### What the exercise asks
Transcribe the entries that come next exactly, but not the pictures they contain.

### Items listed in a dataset
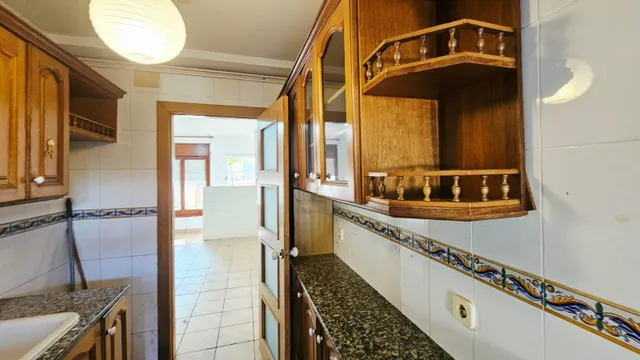 CASA PLANTA BAJA CON 2 VECINOS CON JARDÍN — 29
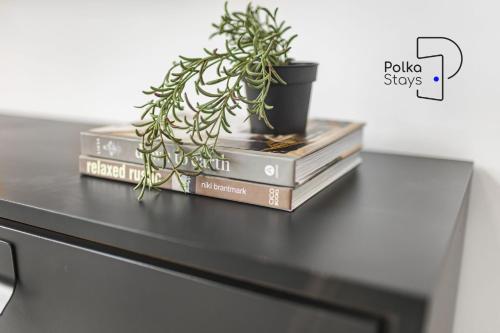 a table with books and a potted plant on top at The Stables, Chester - Luxury Apartments by PolkaStays in Chester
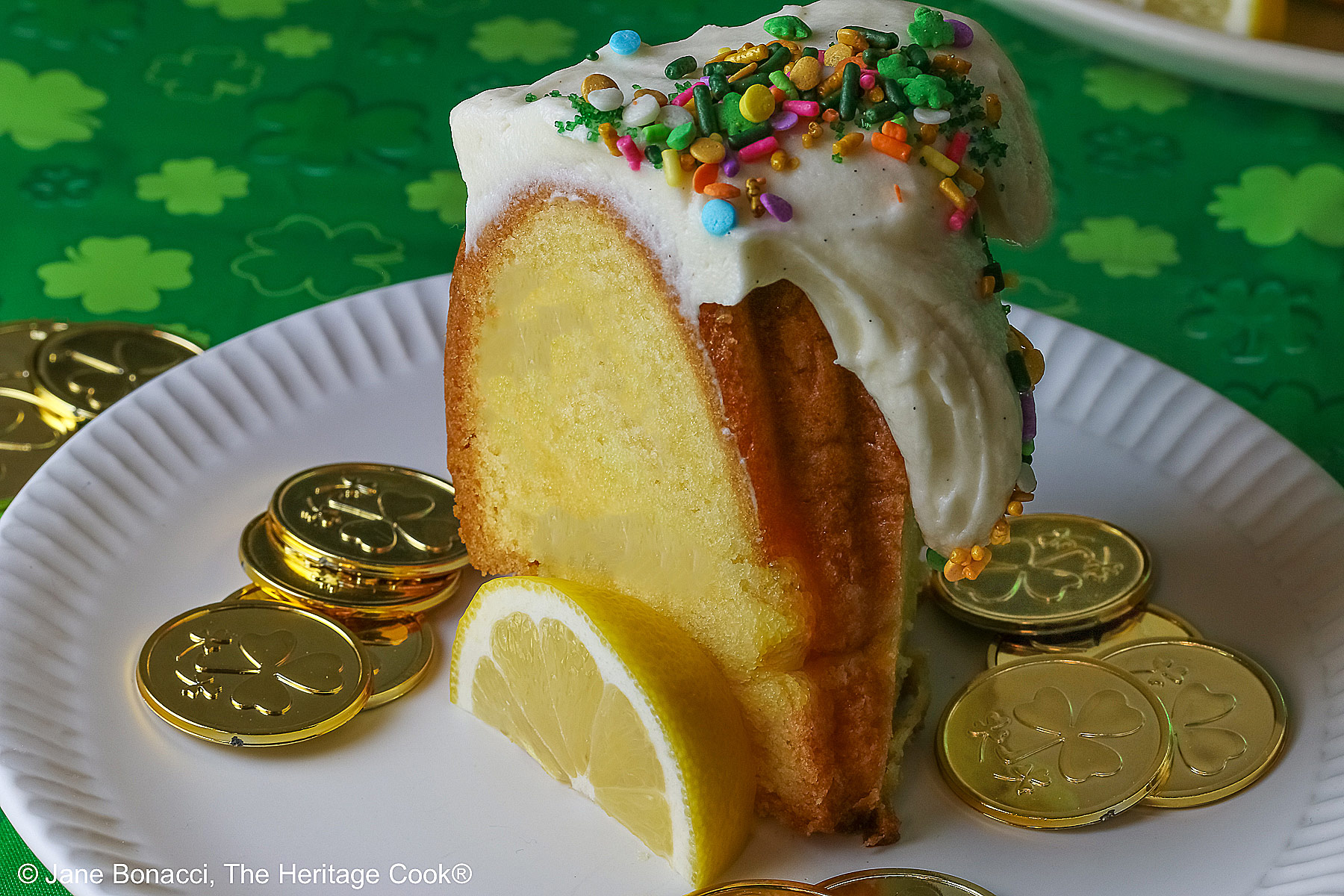 Whole Golden Lemon Bundt Cake on a white plate with lemon slices around the base, topped with fluffy white chocolate butter cream frosting and colorful sprinkles for St. Patrick’s Day; a slice of cake in front surrounded by gold coins from the pot ‘o gold of the leprechauns and a bright green cloth © 2026 Jane Bonacci, The Heritage Cook.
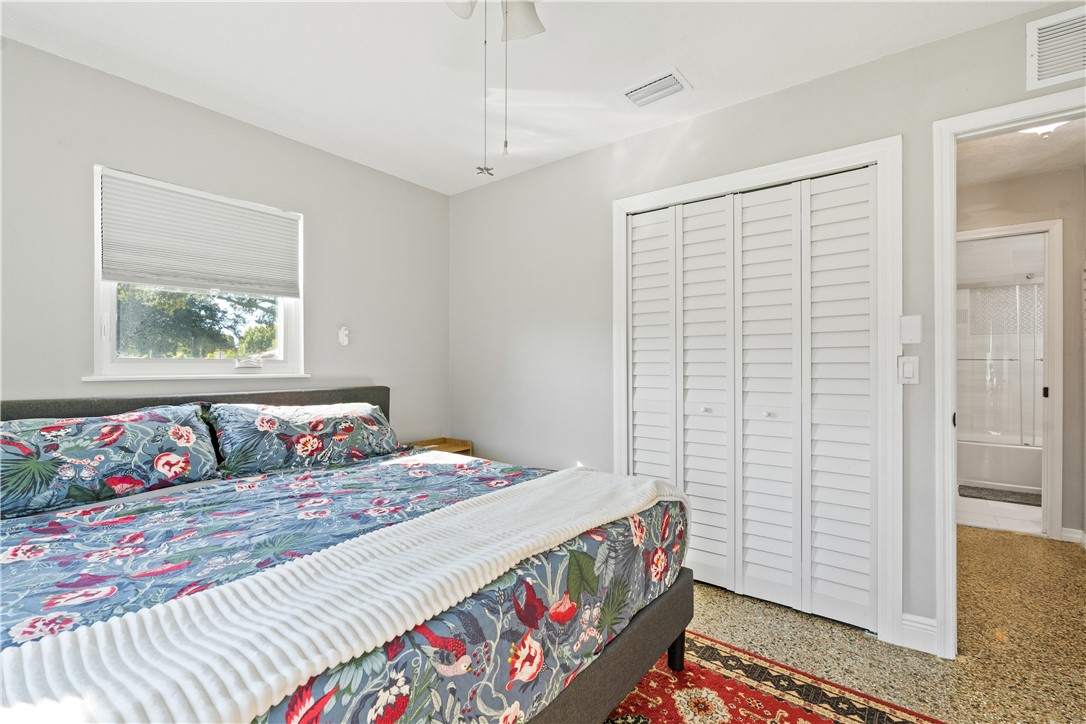 1621 5th Avenue Vero Beach, FL 32960 - Photo 14 of 35 a bedroom with a bed and a window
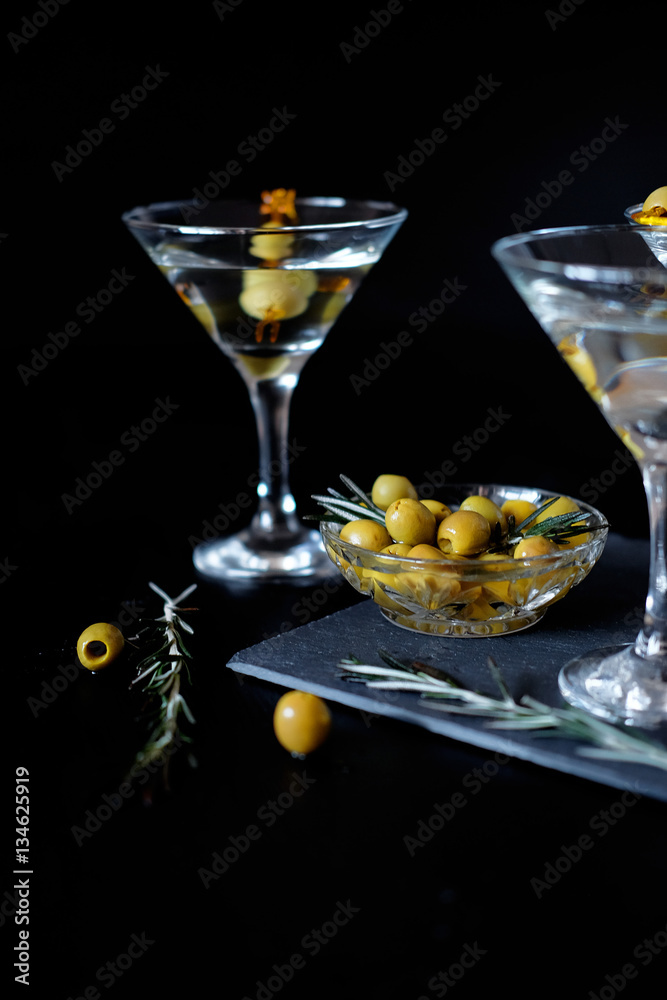 Margarita cocktail alcohol drink in glass with green olives Margarita cocktail alcohol drink in glass with green olives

### Exercise answer
 CASA PLANTA BAJA CON 2 VECINOS CON JARDÍN — 29
 a table with books and a potted plant on top at The Stables, Chester - Luxury Apartments by PolkaStays in Chester
 Whole Golden Lemon Bundt Cake on a white plate with lemon slices around the base, topped with fluffy white chocolate butter cream frosting and colorful sprinkles for St. Patrick’s Day; a slice of cake in front surrounded by gold coins from the pot ‘o gold of the leprechauns and a bright green cloth © 2026 Jane Bonacci, The Heritage Cook.
 1621 5th Avenue Vero Beach, FL 32960 - Photo 14 of 35 a bedroom with a bed and a window
 Margarita cocktail alcohol drink in glass with green olives Margarita cocktail alcohol drink in glass with green olives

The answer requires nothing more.